June 5th, 2017
(written by lawrence krubner, however indented passages are often quotes). You can contact lawrence at: email@example.com
The Baby Boom peaked in 1958. This was also the peak year of teen pregnancy in the USA. Young birth hit its all time peak that year, at a rate above anything known in the 1800s or early 1900s. Since then, women have been having children at older and older ages. And now this:
That’s according to the Associated Press, reporting on some preliminary new stats from the CDC which says that in 2016, it was 103 births per 100,000 women 30 to 34 versus 102 per 100,000 for women ages 25 to 29. For 30 years, women in their 20s had the higher birth rate, but it’s looking like the over-30s have edged them out.
It’s partly that people are delaying having kids in the first place, probably because millennials are broke and children cost a fortune from the jump.
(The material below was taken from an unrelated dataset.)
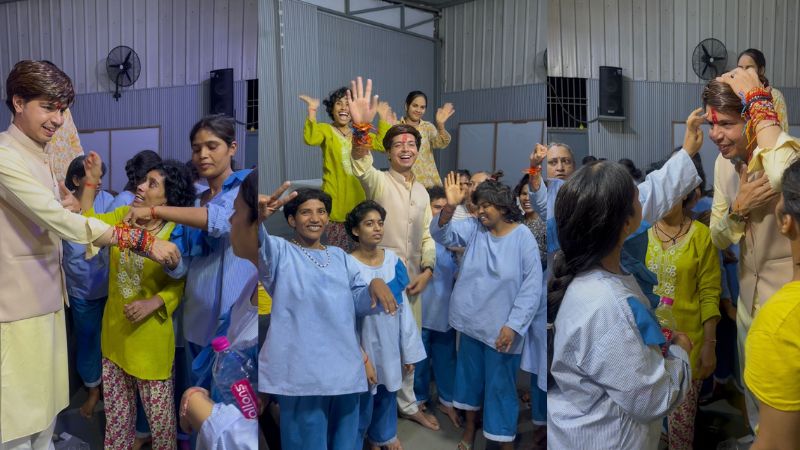 रक्षाबंधन पर 'अपना घर' आश्रम में बहनों ने सोनू राणा की कलाई पर बांधा उम्मीद और अपनेपन का धागा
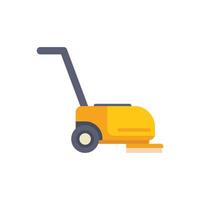 Professional cleaning equipment floor polisher machine icon vector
But happily, it’s also that teen pregnancy rates have dropped like a rock, which may in turn depress the teen pregnancy rates even further. “We always talk about peer pressure as a negative, but it can be a force for good,” said Bill Albert of the National Campaign to Prevent Teen and Unplanned Pregnancy.
Also included in the stats: The birth rate overall slid slightly in 2016, with 62 births per 100,000 women ages 15 to 44, and the average age a woman has her first child averages out to 28.